Michael Williams and Dr. Ivona Grzegorczyk
Abstract
The inscribed angle theorem tells us that an angle inscribed in a circle has one half the measure of the central angle of the circle that subtends the same arc. Another way to think of this is that all the points which view a segment at a constant angle will lie on the arc of a circle or its reflection. This statement has been generalized to account for two segments and results in a curve known as the Apollonian cubic. This research further generalizes the Apollonian cubic to a curve with arbitrary angle. The main question is, what are the points that view two segments with oriented angles having constant sum? Using techniques from complex analysis and ideas from inversive geometry we find, in general, that the points lie on the circle inversion of a Cassini Oval. Cassini Ovals are important curves in mathematics with applications in astronomy, nuclear physics, acoustics, and other sciences.
Congratulations Michael!
Nice visuals! Can you give some additional applications? The question itself is very interesting, thanks for sharing your solution.
Dr Flores,
Thanks for your comment. As for your question, I know of some applications, but they are a bit more general. There is a question that asks whether or not a shape can be determined from its isoptic. The answer is generally no (there is an ellipse and a circle which have the same (pi/2)-isoptic). But, to my knowledge, this is unknown for two objects. So in a sense this work can be applied to some inverse / reconstruction problems based on viewing angles.
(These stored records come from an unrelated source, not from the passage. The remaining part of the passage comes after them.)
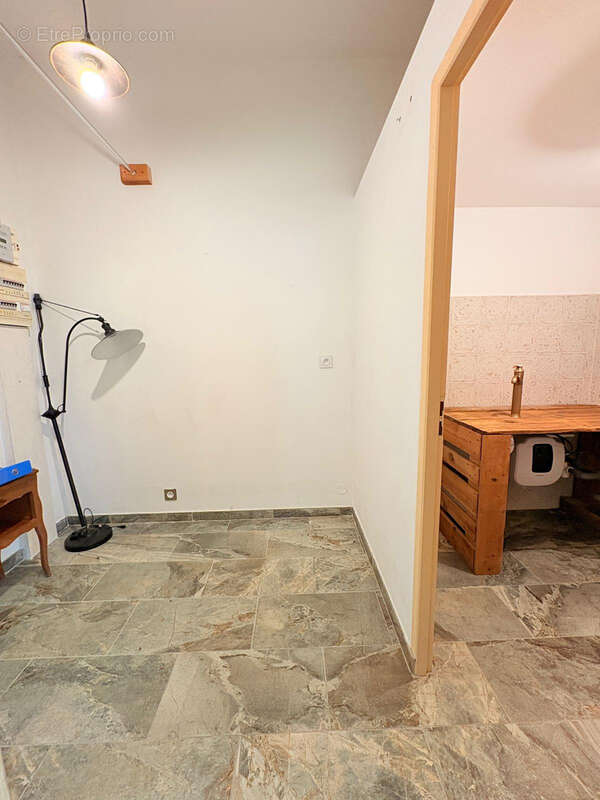 Autre à SAN-MARTINO-DI-LOTA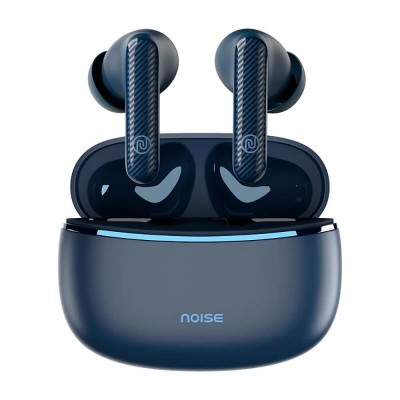 слушалки,слушалки,noise,aura,buds,wireless,earphones,blue,(blue)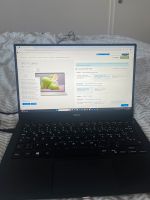 Dell XPS 13 - Core i7 855OU Baden-Württemberg - Mannheim Vorschau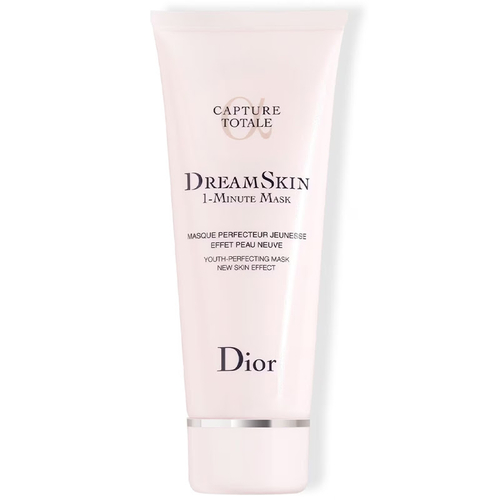 Capture Totale Dreamskin Adv 1-Min Mask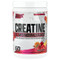 <img alt="Nutrex Research, Creatine Monohydrate, Fruit Punch, 13.76 oz (390 g)" title="Nutrex Research, Creatine Monohydrate, Fruit Punch, 13.76 oz (390 g),850073732120" <img alt="Nutrex Research, Creatine Monohydrate, Fruit Punch, 13.76 oz (390 g)" title="Nutrex Research, Creatine Monohydrate, Fruit Punch, 13.76 oz (390 g),850073732120"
Other than that, I imagine there might be some application in object detection. For instance if you have an object flying above two sensors, you could calculate the angles subtended by the sensors at the object to learn what cassini oval it is on and therefore its position. In a way, we can create a coordinate system based on the two sensors.
Hope this answers your question. I’d gladly talk to you more about it if you want.
Excellent results and good presentation!